The Dowry System In India

The Dowry System In India

One use of a dowry in olden times – cows milk to cheese


For most of my readers, perhaps, the dowry system is a well-known phenomenon that you are really familiar with. If so, you are more than welcome to skip the rest of this diatribe. But for those who aren’t aware, I wanted to give a little lesson. Why did this come up? We met a guy from Holland, who was completely unaware that this system even existed anywhere in the world. He was completely baffled by the explanations that I was doling out to him. The funny thing is that his bafflement in turn completely surprised me. I couldn’t believe there were people on this planet who were unaware of such a popular practice from one of the most populated countries in the world.
Let me start off with mentioning that in the Indian culture, it is expected that the boy will continue living with his family even after his marriage. The idea of moving out on your own is very foreign and still not practiced very much in India. The girl once she is married moves into the in-law’s home. In general, whenever a family in India has a girl, it is a cause for a funeral. Why? Girls are a burden to the family in general. Girls are basically on loan to her family until she gets married – thus, she can’t really support her family once she comes of age.
How does the marriage and dowry system go? Before the girl gets betrothed (engaged) to a boy, after all the match-making customs have been followed and the stars have been aligned, there is a back-hand deal that goes on in the two families. There is a kind of a business deal that the families engage in. The girl’s family decides how much they can afford to give to the girl when she moves to a new home, and the boy’s family decides if how much they are being offered is good enough for them. The dowry can take several forms – in the old ages, it used to take the form of cattle (cows, goats, or buffalo) – something that the family could use for milk, as cattle used to be considered a form of monetary currency. Also they would give stainless steel utensils, or little pieces of gold in the past. Nowadays though, it usually takes the form of cold hard cash and many pieces of heavy gold jewellery. It is surprising even to me how high some of the dowry amounts can go up to. I want to emphasize that the dowry goes directly to the groom’s family. None of it goes to the girl.
If the boy’s family is happy with the dowry, then the transaction is approved, and the marriage goes through. Unfortunately, sometimes the boy’s family was hoping for more dowry (money or such) after the marriage, typically during the course of the first few years of honeymoon bliss. They perhaps knew that the family the girl was from is rich so they bided their time. The fallout happens when the boy’s family is disappointed in the amounts of dowry that they received after the marriage takes place – in that case, there have been numerous cases in India where the boy’s family basically tortures the girl with burns, threats, physical abuse, or mental trauma, until she goes back to her family and asks them for more dowry. In some cases, the girl has been so traumatized that she goes back to her parents, and hopefully, the parents are able to take the girl back without too much shame.
When a girl goes back to the family because she can’t take it anymore, it is cause for shame and degradation. Everyone in society and the family’s circle will look down upon the girl and her family.
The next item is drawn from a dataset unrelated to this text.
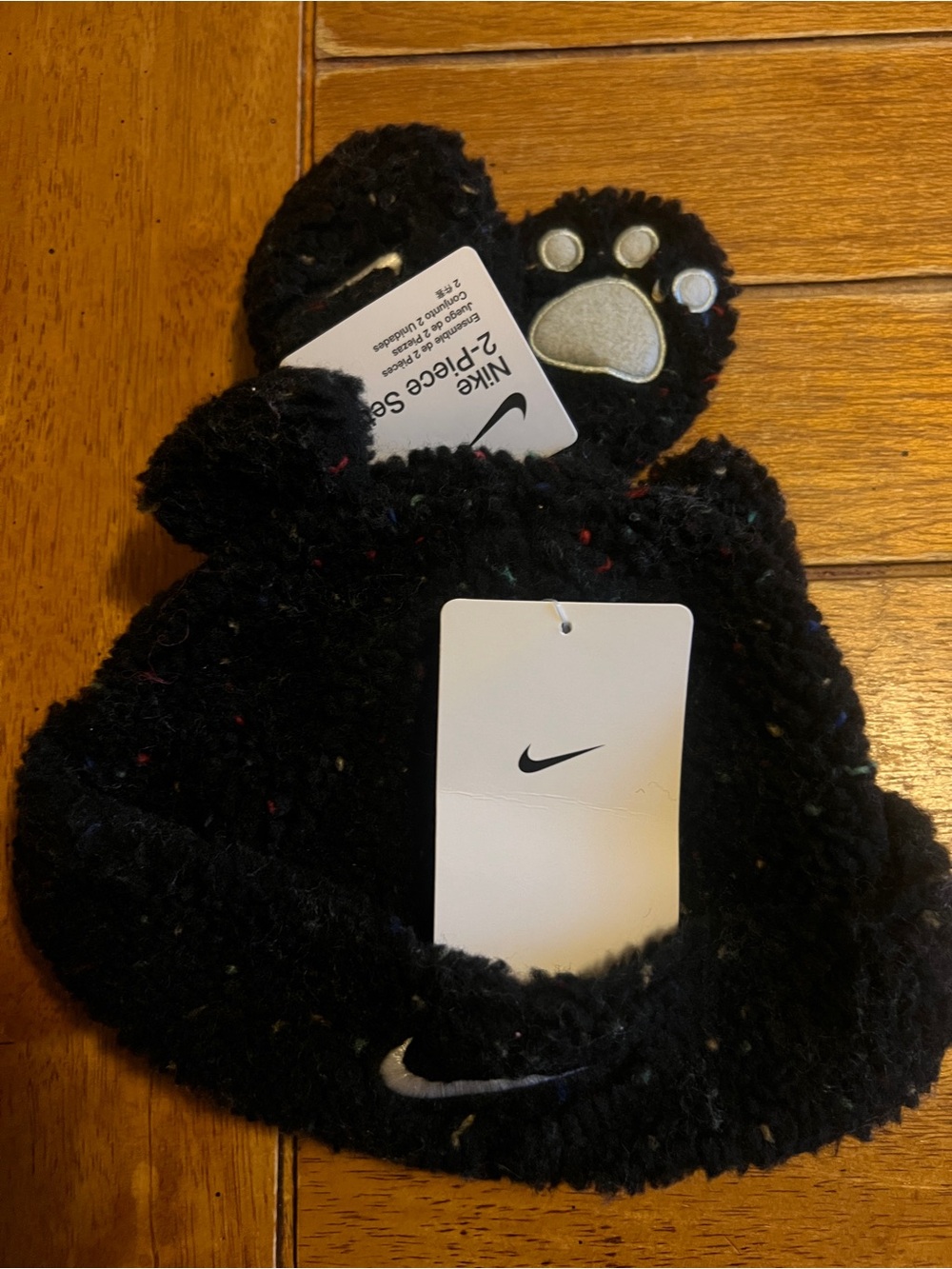 Nike Black Fuzzy Bear Beanie with Paw Mittens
She will have a very hard time getting married again if she wanted to repeat the experience. By association, the other girls in the family will have a hard time getting married, and the boys in the family will have a hard time getting jobs. In some cases, typically in larger cities and educated families, the girl’s family will accept the girl coming back into the fold. In most rural towns, the girl’s family will not be as supportive. They will try to convince the girl to go back to her new family and will try to collect money or more dowry so they can satisfy the greed of the in-laws. In some other cases, the girl is stuck – she can’t go back to her family as she will not be allowed back, and she doesn’t want to go back to her in-laws. She either has to go into prostitution or some other menial work in order to support herself, and her children if she has any.
One of the first questions that people always ask me about this practice is whether this custom is still practiced in India. It seems to them such an antiquated way of dealing with women and marriage that they assume it was something that was practiced hundreds of years ago. Unfortunately, that is not the case. Even now, even in the richest, most educated families in India, the practice of the bride’s family paying a certain ‘fee’ to the groom’s family for the marriage still exists. Now for people who are crowing about how India is so modern and how things are changing rapidly, I have some stats for you. Things are not getting better in the dowry department. According to the Campaign Against Dowry website, in 2010 there were 8391 reported dowry deaths, 30% more than in 2009. These are deaths caused due to insufficient dowry paid out by the girl’s family. It could be caused either by the in-laws by burning the girl or other form of torture, or suicide by the girl as she can’t take the abuse anymore. It is shameful to think that this still happens in India at such a high rate.
Now of course, this is not the custom in every family. There are Indian families out there (like mine) where girls are treasured as much as the boys in the family – where the girls are given as much opportunity as the boys to be themselves.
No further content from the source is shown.